Resourceful Ageing was an interdisciplinary project that explored a wide range of subjects around the topic of ageing, focusing in particular on what elderly people can still do and on the strategies they put in place to adapt to their changing circumstances. Ethnographic research and social-practice underpinned the fieldwork, highlighting both the stereotypes around age and many of the products designed for the elderly which fail to meet their needs.

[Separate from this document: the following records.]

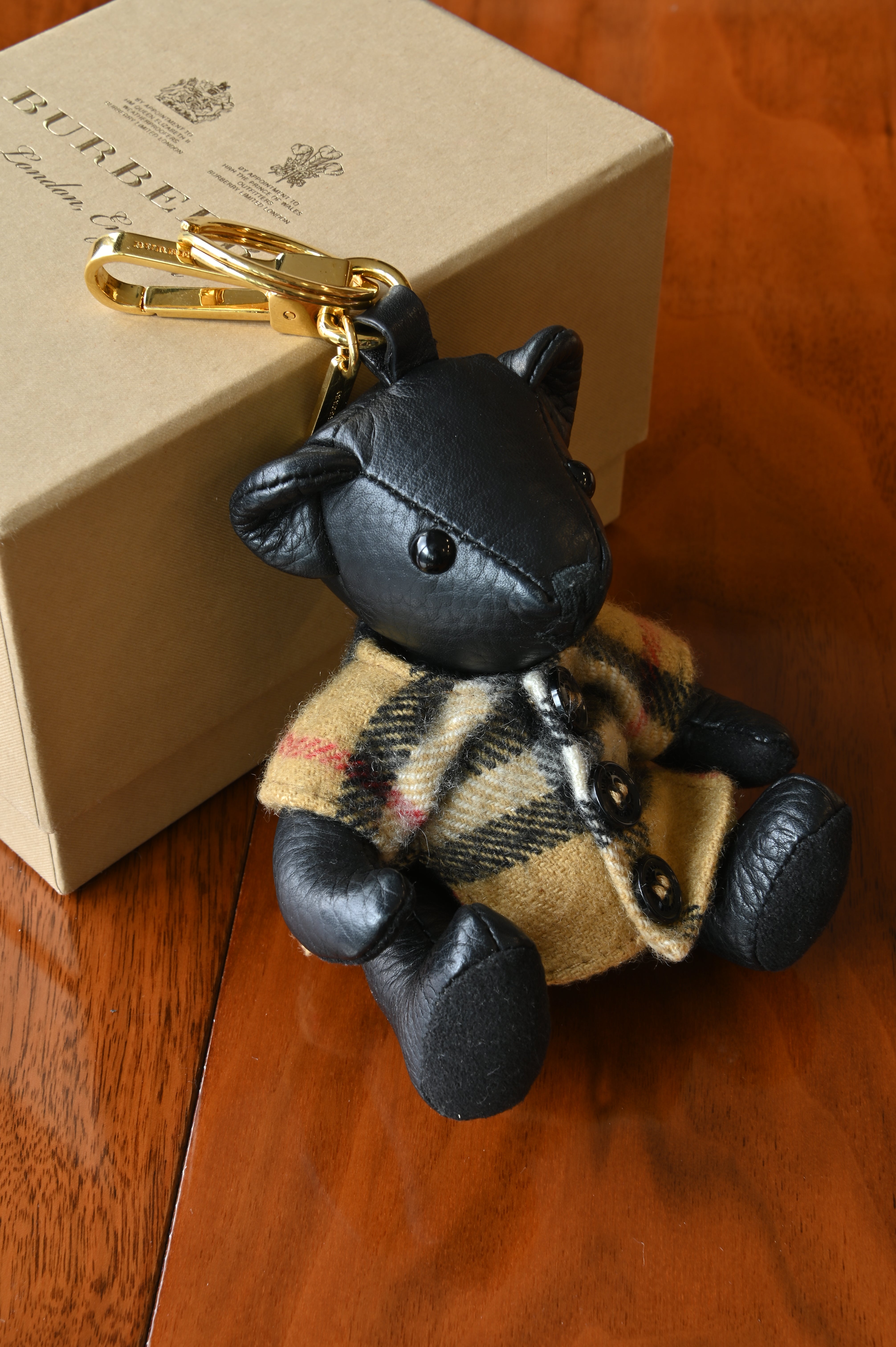 Burberry Black Thomas Bear Charm Trench Coat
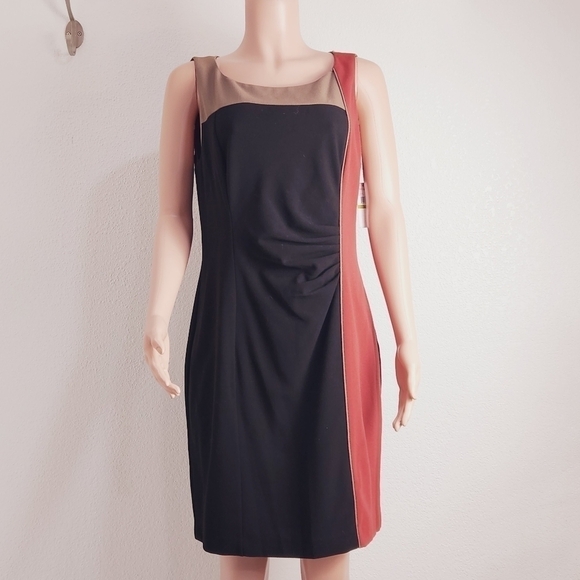 Vince Camuto Color Block Sheath Sleeveless Burnt Orange Black Brown Size: 14 - Picture 2 of 12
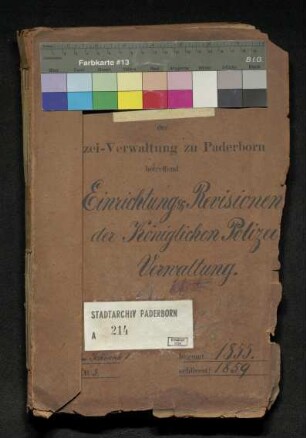 Einrichtung und Revisionen der Königlichen Polizeiverwaltung zu Paderborn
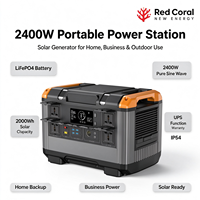 Station de charge portable 2400W 230V pour la maison, générateur solaire extérieur pour la sauvegarde d'urgence à domicile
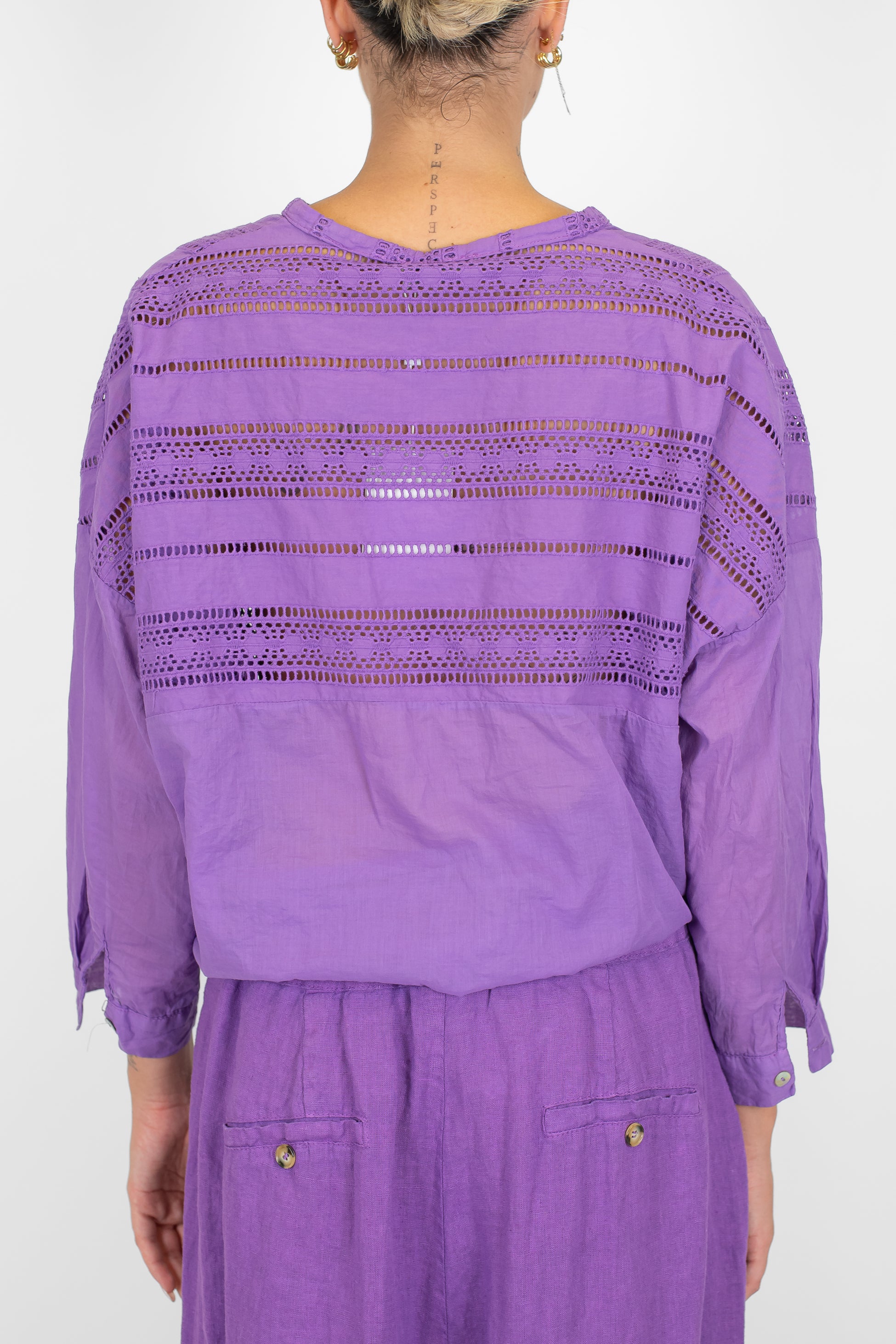 Motel - Camicia in cotone traforato con collo coreano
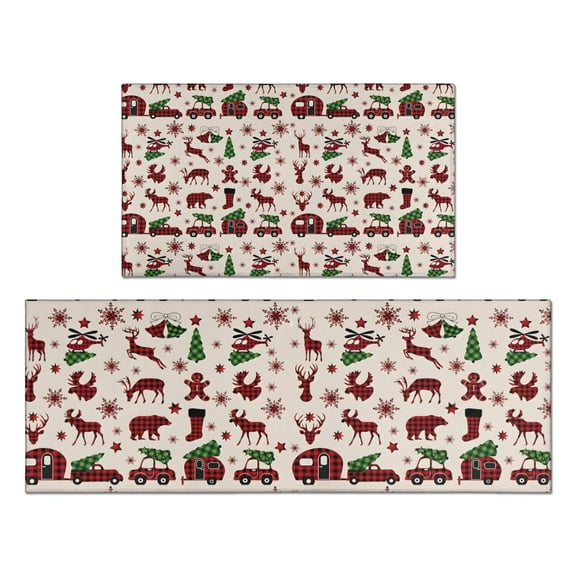 Multicolor Christmas Camping Pattern Kitchen Rugs Sets Of 2,Anti Fatigue Kitchen Mat Rugs Non Slip Washable,Decorative Kitchen Floor Mats for Kitchen,Sink,Laundry,17"x30"+17"x47"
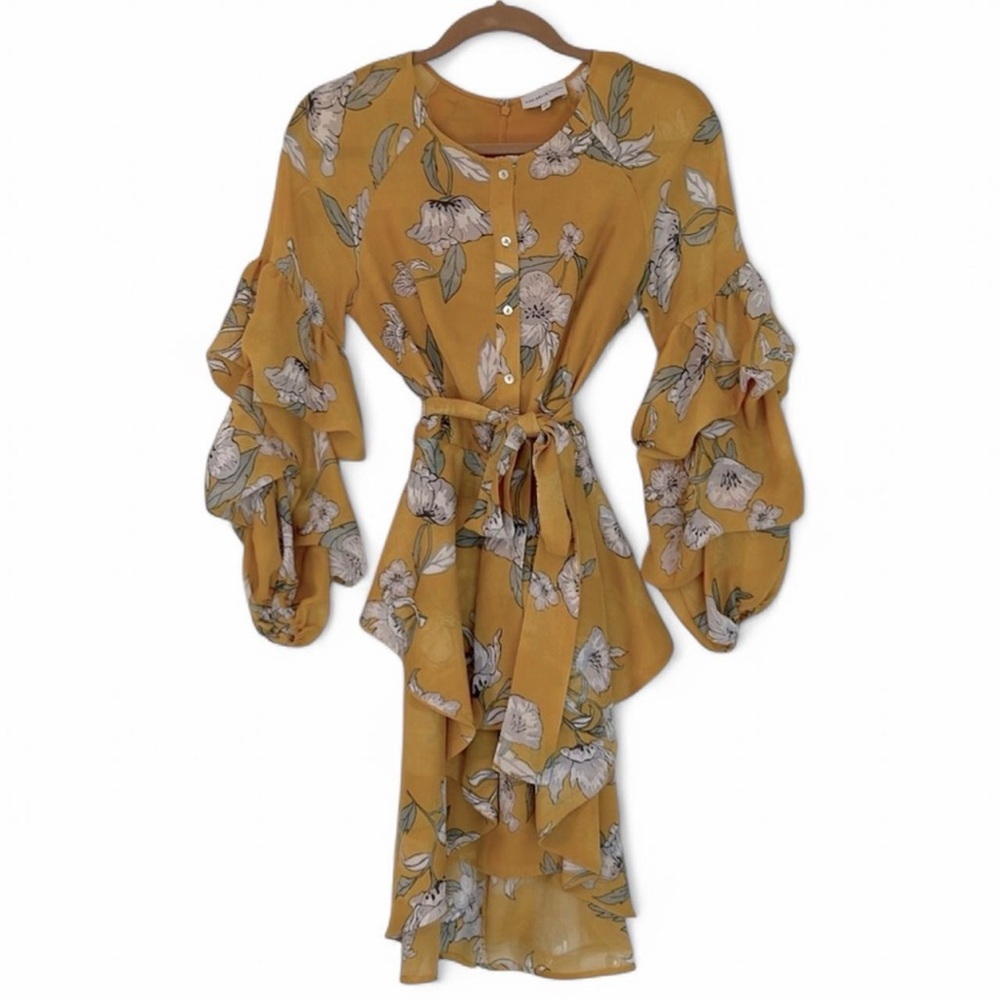 Chriselle x JOA Yellow Floral Puff Sleeve Mini Dress S - Picture 4 of 13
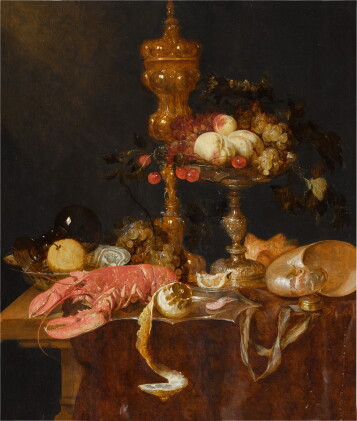 Catalog image of A still life with a lobster, a gilt cup, a tazza, a shell, a Wan-Li bowl and a …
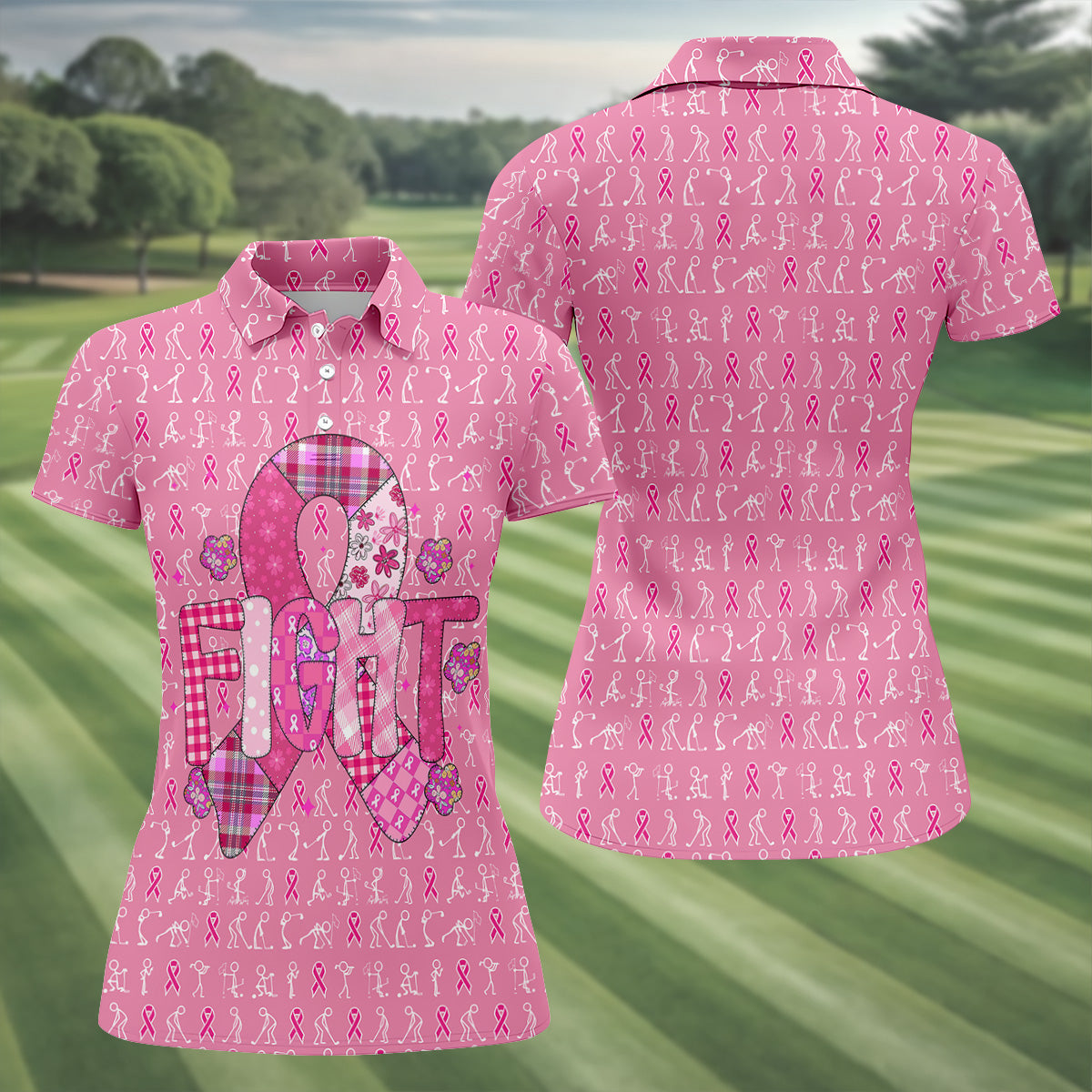 Funny Stick Figure Women's Golf Shirt, Breast Cancer Awareness Shirt, Ladies Golf Polos, Golfing Apparel
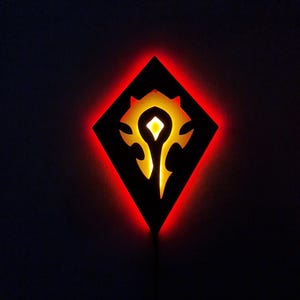 World of Warcraft Led Sign - Wow Illuminated Wall Sign - Wow Fans Lighted Gift - Gifts for Him - Gamer Room Decor - Christmas Gift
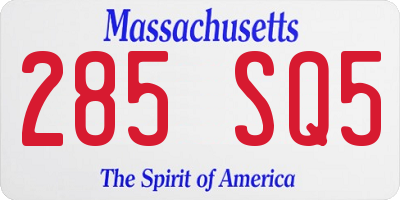 MA license plate 285SQ5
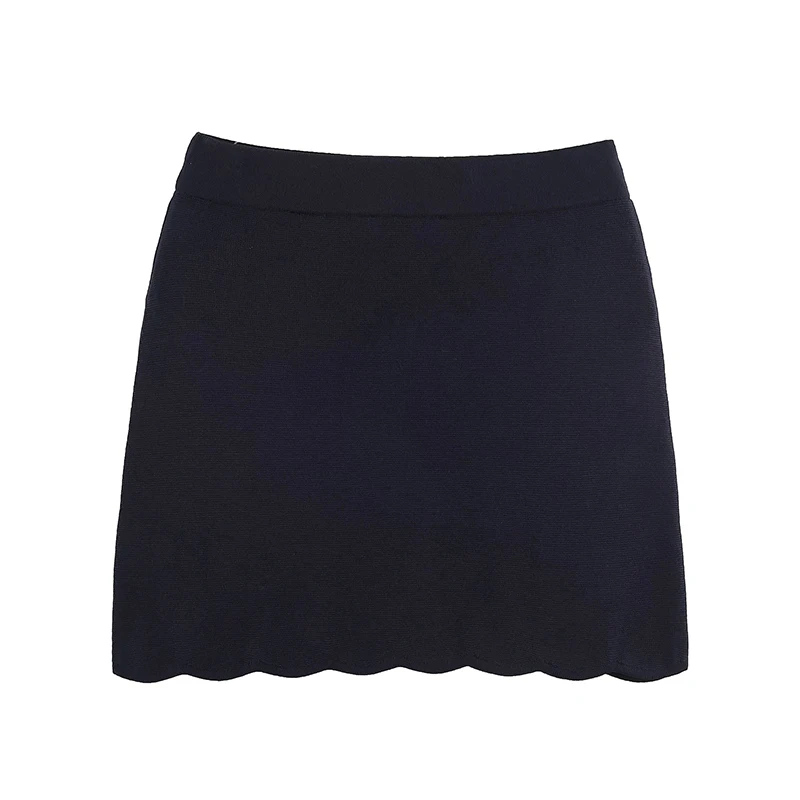 YENKYE Women Navy Blue Knit Mini Skirt Elastic Waist Scalloped Hem Casual Bodycon Short Bottom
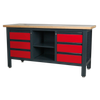 Workbench with 6 Drawers & Open Storage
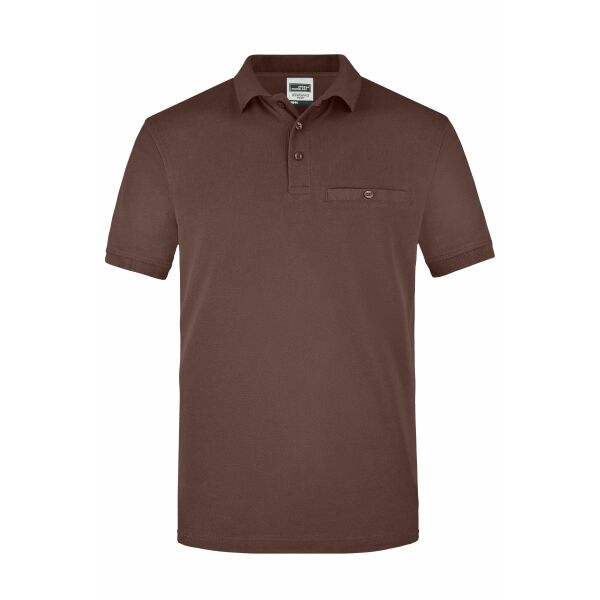 Men´s Workwear Polo Pocket - brown - XS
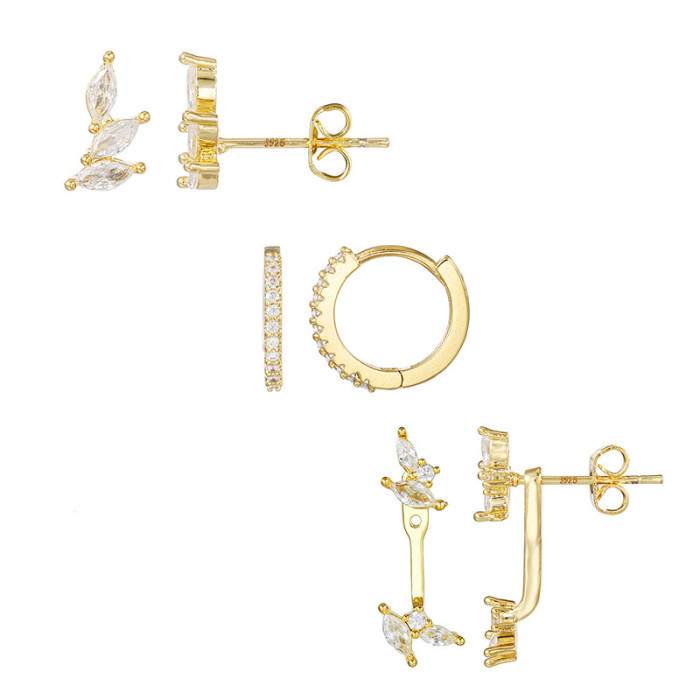 French-style Asymmetrical Clover Flat-bottomed Marquise Zircon Earrings, Elegant Pierced Leaf Stone-Studded Hoop Ea...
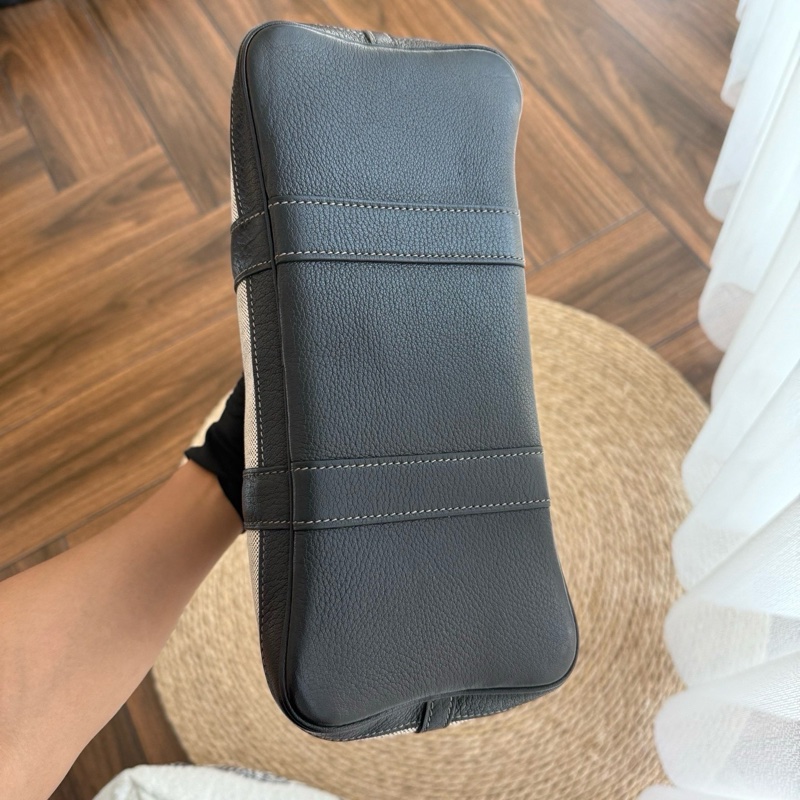 hermes花園帆布拼皮黑白熊貓花園30聖誕紅內里限定款(限定款本身就無刻印)-7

The project brought together designers, computer scientists, social scientists and professional practitioners from TU Delft, TU Eindhoven, Avans University of Applied Sciences and Philips Design. The team developed a data-enabled Research-through-Design approach, using a combination of ‘designerly experimentation’, machine learning and ethnographic fieldwork to create and prototype designs that would support older people in everyday practices of resourcefulness. As such, they created designs that would bring agency back to the elderly, letting them choose how and when to employ them.
CONCEPT & OUTCOME:
The design concept was primarily based on accepting and embracing changing life circumstances, and on focusing on new strategies to adapt. It was crucial to create a bold look and feel for the book, embodying the creativity and individuality the subjects showed throughout the research interviews. We adapted a typeface to create up to 30 new uppercase letters that varied in width illustrating this notion of slow and quick life adaption throughout the book, which were prominently used for chapter headings and pull-quotes. The layout also reflected this sense of change or growth, by using the ‘book in a book’ layout approach. A duo-colour scheme in red and blue seemed appropriate to create a coherent thread across a varied body of research, while conveying the right tone.
FUNDING & IMPACT:
Resourceful Ageing was funded by the Netherlands Organisation for Scientific Research (NWO) under the Research through Design (RTD) program in 2016–2018. The book featured a design prototype by Masako Kitazaki (Connected Resources), which won the NGI Award 2019 Excellence in Next Generation Internet for ‘outstanding contribution to a better digital life’ in the category Research and Education. The project was presented at ThingsCon and RTD2019.